How could this 2001 album of Irish orchestral music miss when it features three of the most-popular works of one of Ireland's most-celebrated composers, Sir Hamilton Harty (1879-1941), done up by one of Ireland's most-accomplished orchestras, the National Symphony of Ireland, and lead by an Irish conductor with the name of Proinnsias O'Duinn? Add in good Naxos sound and a reasonable price and you have the well-known definition of a bargain on your hands.

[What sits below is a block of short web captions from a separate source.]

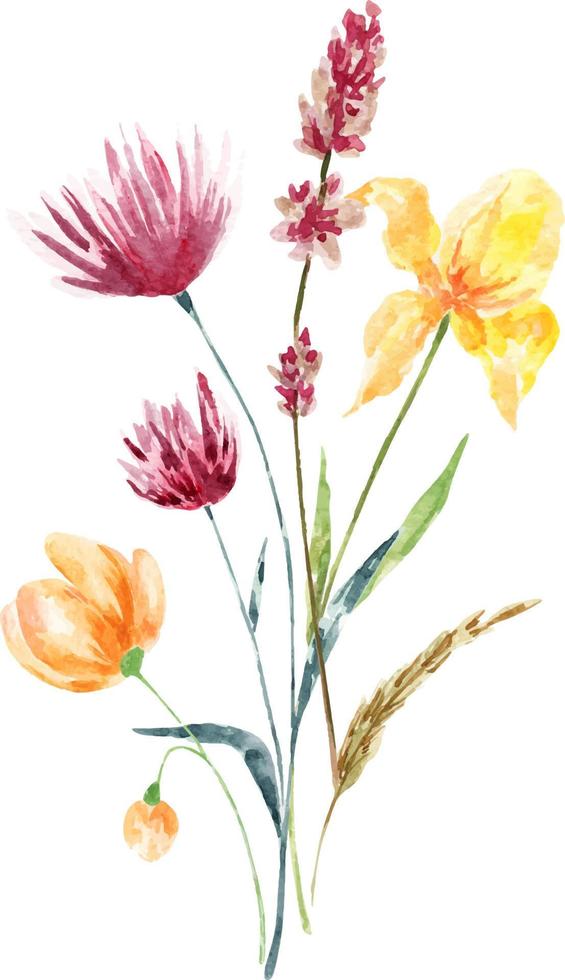 Watercolor bouquet of spring flowers.Decoration isolated on white background, bouquet of wild composition. vector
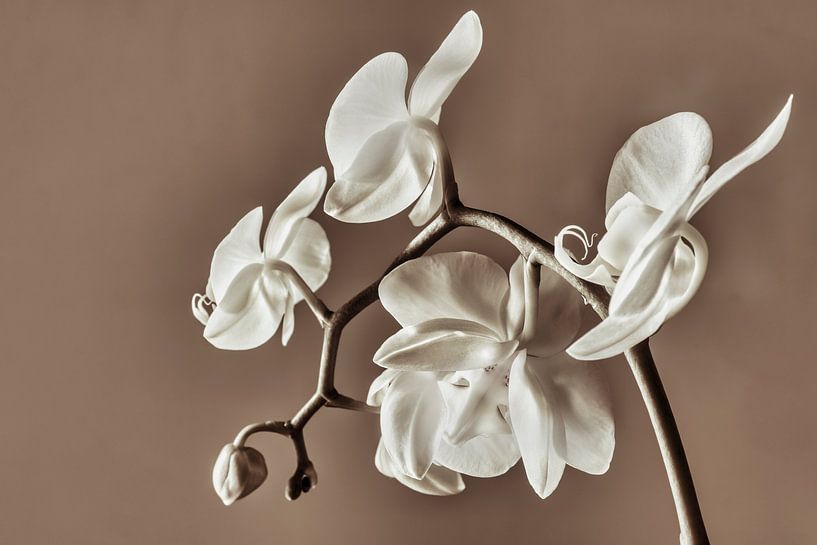 Orchidee von Rik Verslype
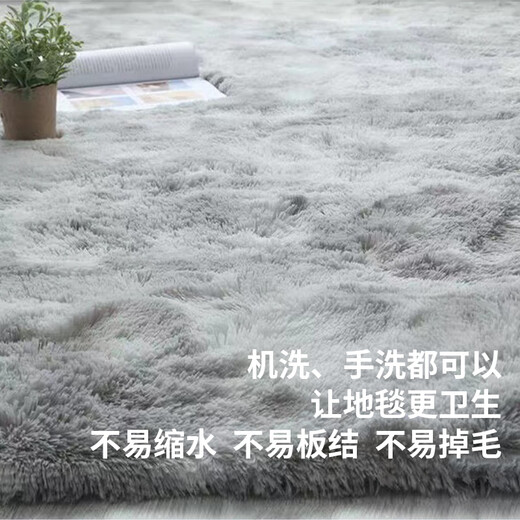 Zhenxiqi bedside carpet, bedroom bay window mat, living room plush warm carpet, coffee table mat, thickened non-slip carpet, light gray gradient color 80*200cm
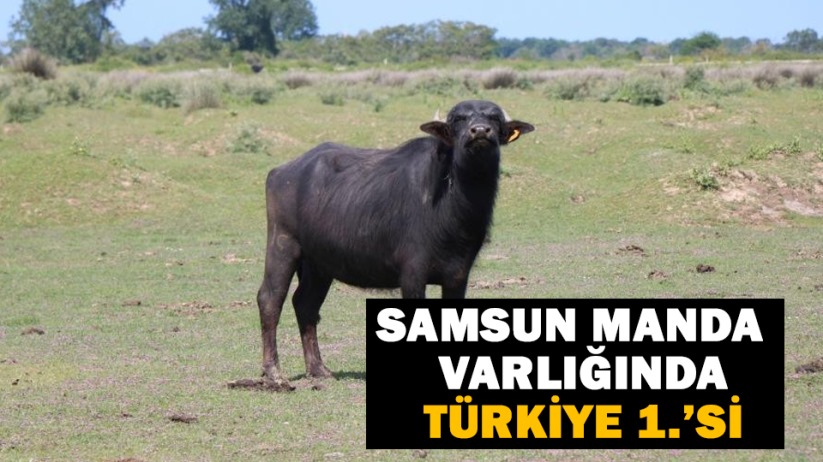 Samsun manda varlığında Türkiye 1.'si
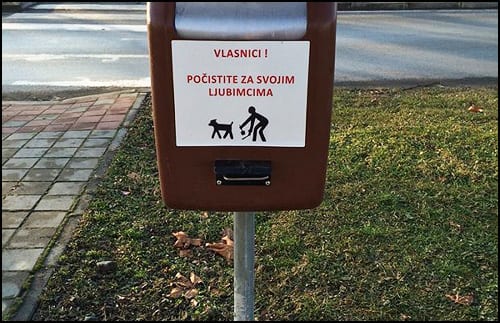 pas vlasnici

All the works on the disc are pretty much tone poems, evocations of Irish life in both war and play. The leadoff selection is the eighteen-minute piece "With the Wild Geese" (1910), a varied and moody work depicting an Irish regiment of soldiers fighting with the French in 1745. The second, shorter, piece, "In Ireland" (1918, orchestrated in 1935), describes city life in Dublin. Finally, An Irish Symphony (1904) arrives in four movements, with the suggestive names "On the Shores of Lough Neagh," "The Fair-Day," "In the Antrim Hills," and "The Twelfth Night." It's the quick, second-movement scherzo that is probably most familiar, quoting as it does several popular Irish melodies.
Proinnsias O'Duinn |
O'Duinn directs the music at a comfortable pace, never forcing its nostalgic or sentimental characteristics on the listener and nicely clarifying the big tunes. The National Symphony Orchestra of Ireland plays with an equally easy grace, although they don't sound quite as lush or luxuriant as the best London orchestras. Still, everyone is more than up to the job.
The Naxos sound is up to the task, too, with good dynamics, a reasonably wide frequency response except perhaps in the very lowest registers, and a fine degree of sparkle. This means it is sound that fits the music, and it's hard not to like it.